IMHO, I've ducked that bullet. Next kid will have the institutional-created delays in addition to any nutritionally created ones, let alone the attachment potentials you face in any adoption, based on age at placement, and the kid herself. You gotta be ready for that. If I learned nothing else in those years of parenting classes - it was this: you're here because you need to be ready for awful, terrible outcomes. You still want to do this?
I lined up titled, experienced professionals. I have books to refer back to. I loaded my long-term memory with a lot of reading. I take nothing on first or second glance, and expect things a lot of folks would rather I didn't. If bad things don't show up? WIN. But if they do? I may grieve. But I have a path to take to cope. And then - make it better.
People who only saw healthy white infants in need of adoption? I'd looked at my share of waiting children lists for Russia. Romania. And decided it was not for me. I'm not a child development degreed - mine is in popular culture, to be blunt - it shares more with a English/Public Relations function than Social Work or Education.
My agency did not do placements from Russia or Romania - or the Phillipines, India or Cambodia. They had identified needs in China and Taiwan - so that's where we went. Well established programs with some well identified (and experienced) pitfalls. Over and over. Be ready. Sure you want to do this? Be ready.
So - I'm not exactly shocked. Rocked back on my heels a bit - it's the first person I've run into who had anything but rage directed at the lady in TN who abrupted/disrupted her adoption in the most creepy, heartless, exacting way on the record so far. I *still* want to get my hands on that kid myself to see exactly what the issue was and see what I could do (no, seriously - I've been renting space in my head over this) but I'll never get a shot at it because she did what she (and her mother) did.
Happy Mothers Day.
For the record? Mother's Day stuff for me was done on Saturday - Sunday was a complete non-starter in the celebrating category. Church, lunch at McDonald's (er, yum), naps and then keeping kid occupied and out of the house while Jim came home sick and put himself to bed. It involved kid and I doing some shopping and picking up of things, but nothing more involved that that. Sis and my Mom? Well, I sent flowers to the mothers - and that was the extent of their involvement in my Mother's Day. Mom called me, we talked - but neither of us had heard from Sis.
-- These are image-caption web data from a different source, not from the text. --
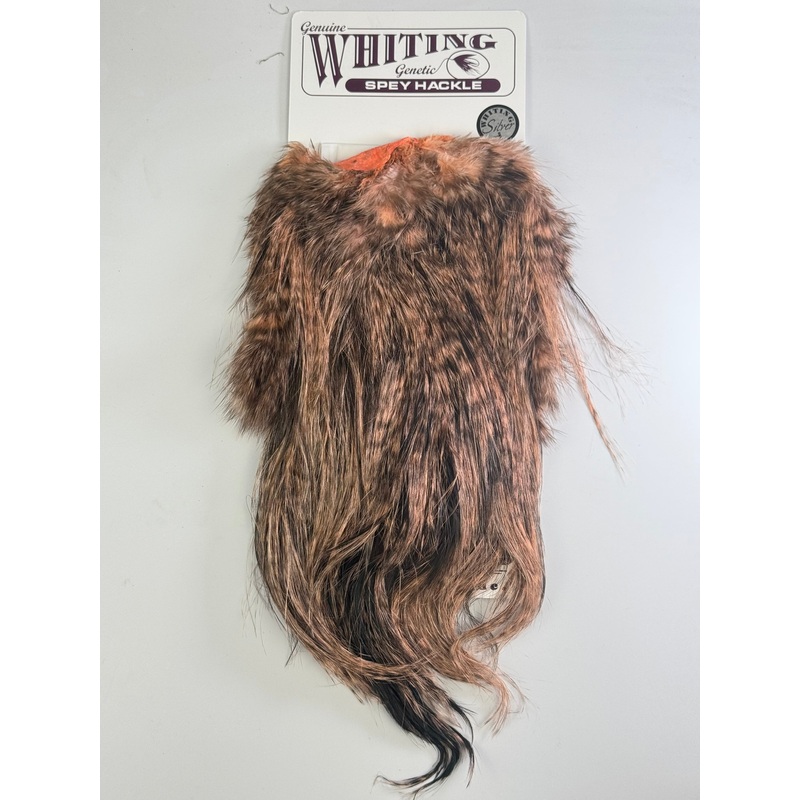 Whiting Spey Hackle Saddle|Silver Grade|Grizzly Dyed Salmon|Grizzly|Grizzly Dyed Tan|Grizzly Dyed Red|Grizzly Dyed Pink|Grizzly Dyed SHell Pink|Grizzly Dyed Olive|White|Black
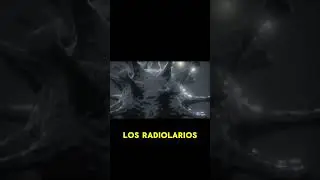 La Belleza del Mundo Microsc&oacute;pico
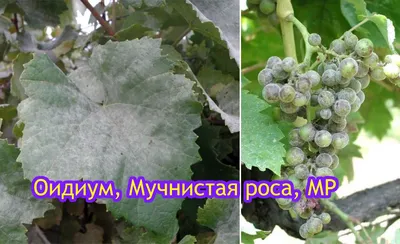 Оидиум (настоящая мучнистая роса) болезнь винограда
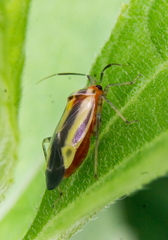 Poecilocapsus lineatus
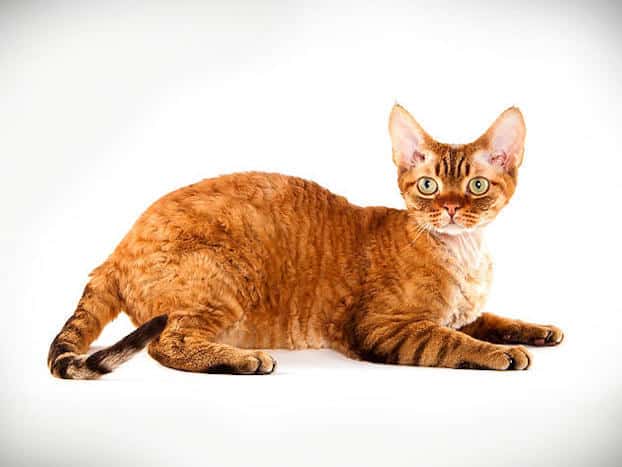  Orange  Cat Breeds Purrfect Cat Breeds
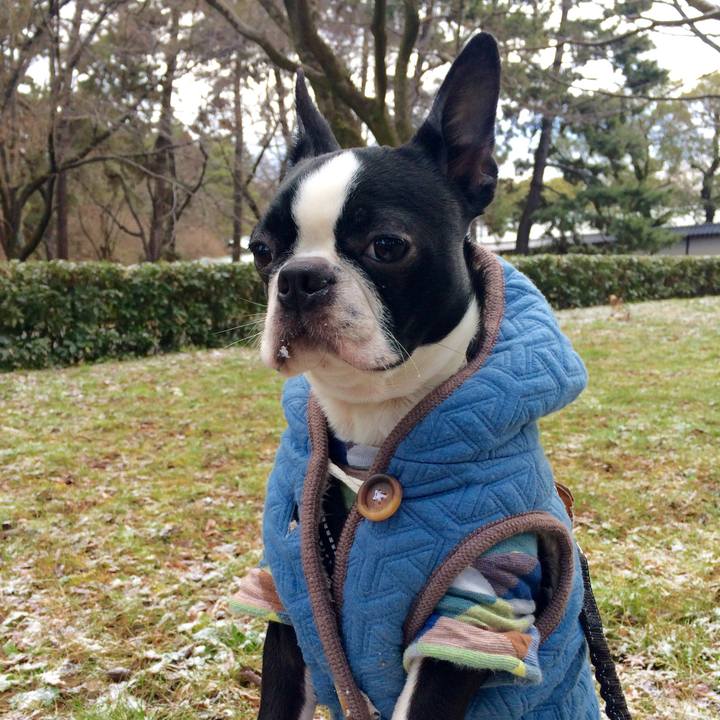 Ada54c30 8069 4223 8a74 93d229d0f77a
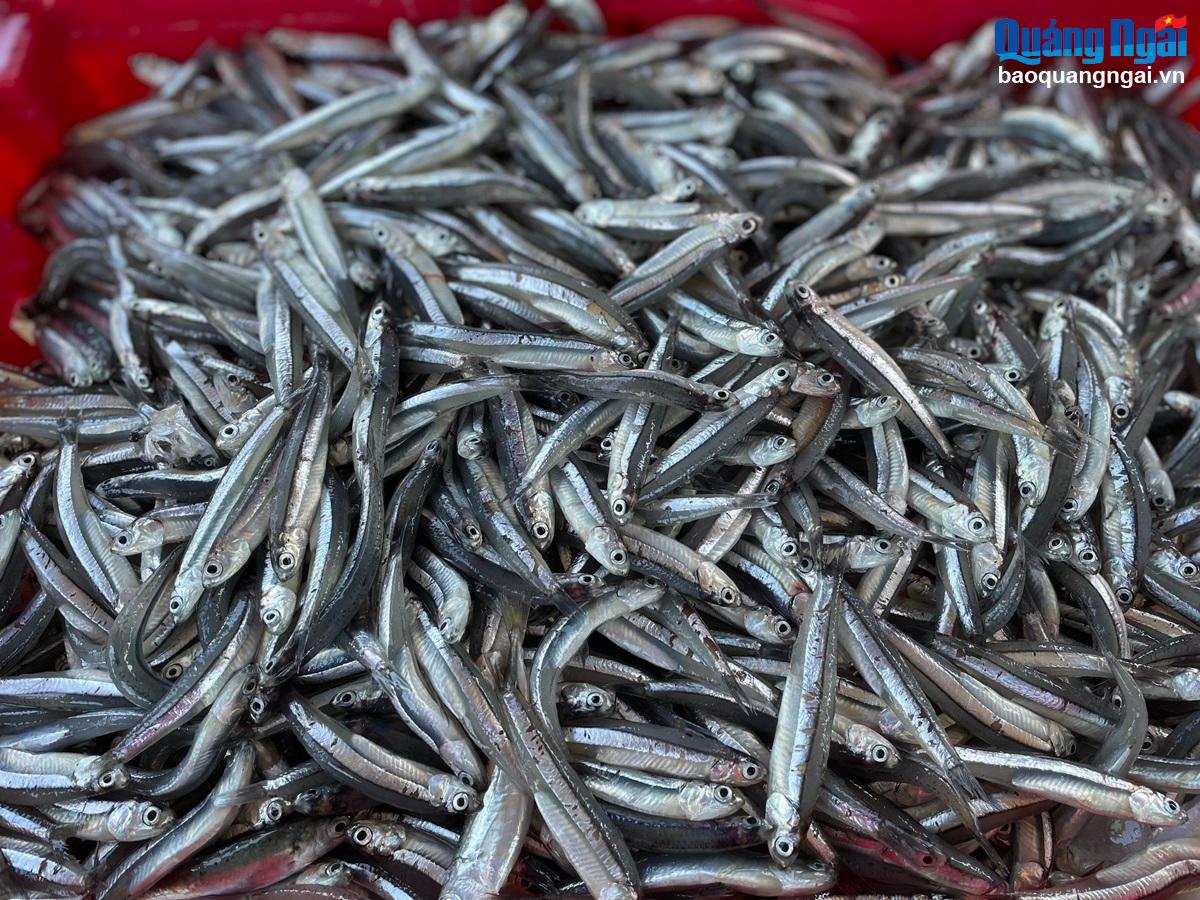   Cá cơm có giá từ 10 - 30 nghìn đồng/kg, tùy loại. 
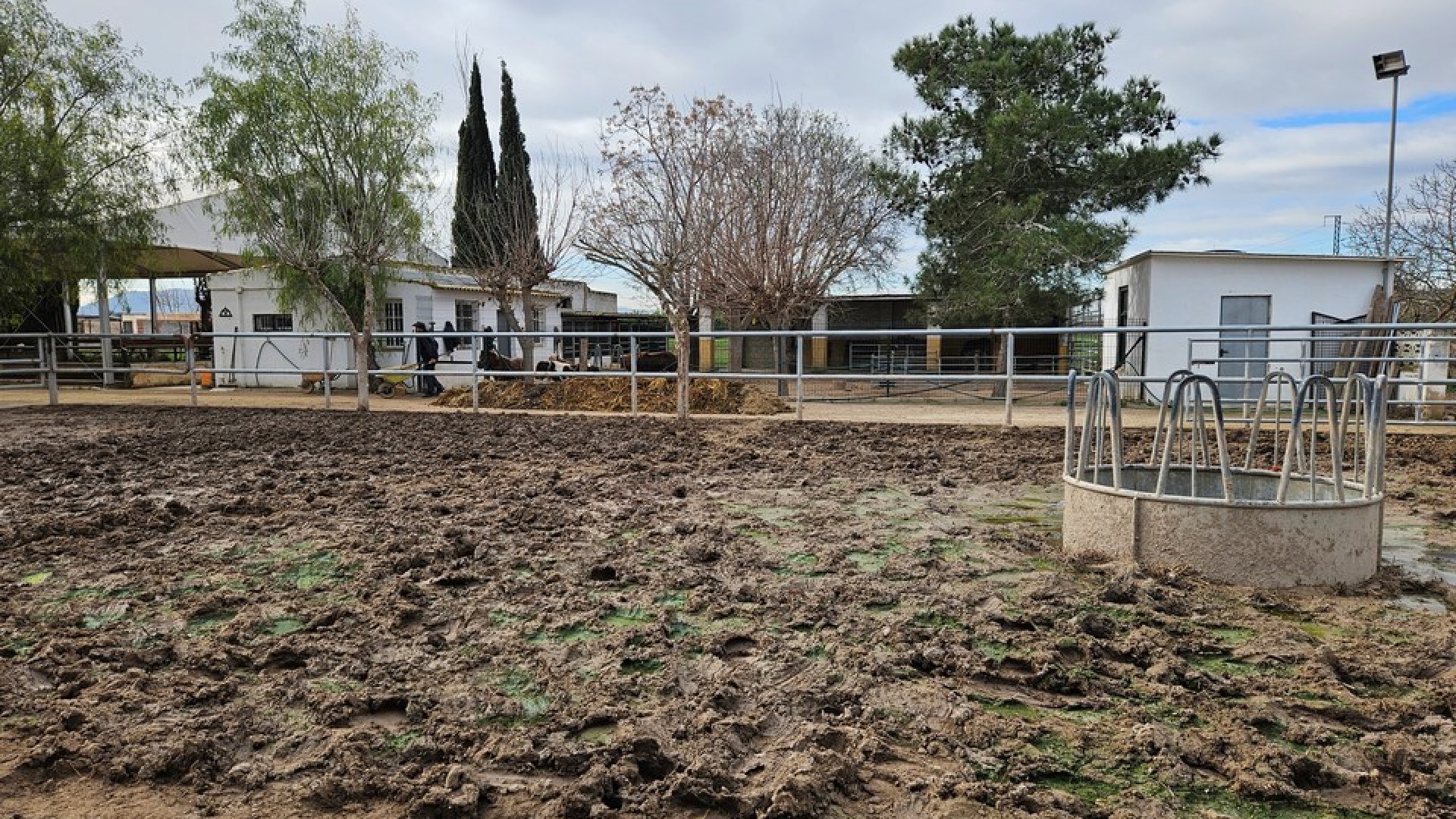 Resale - Finca Landgut -
Orihuela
I really wanted that mimosa, yanno. Oh well. Guess I get to make them myself at home.
I didn't get to go light the candles we did last year. But we also didn't have the misery that was dim sum last year this year either. (Poor kid wouldn't eat anything. And I was a wreck.)
This year - much improved over last year. And the outlook remains bright and unclouded. When I say my kid is adapting well, that does not mean he doesn't have processing going on (I've been hearing a lot of Taiwan-related comps lately) and knows everything is changed from what he started with. He grieves and things can trigger some real tears. That's how we know we've got a kid that is adapting - we can see the struggle. It's normal. If it didn't show up this way, it would show up in others - and they would be harder to cope with.
And like anything else with kids - once you get it all down, they outgrow it and pick up a whole new set for you to get used to.
Thanks for all your good wishes - they were greatly appreciated. And now? Now is Monday, now in progress. Did you get your Wheaties this morning?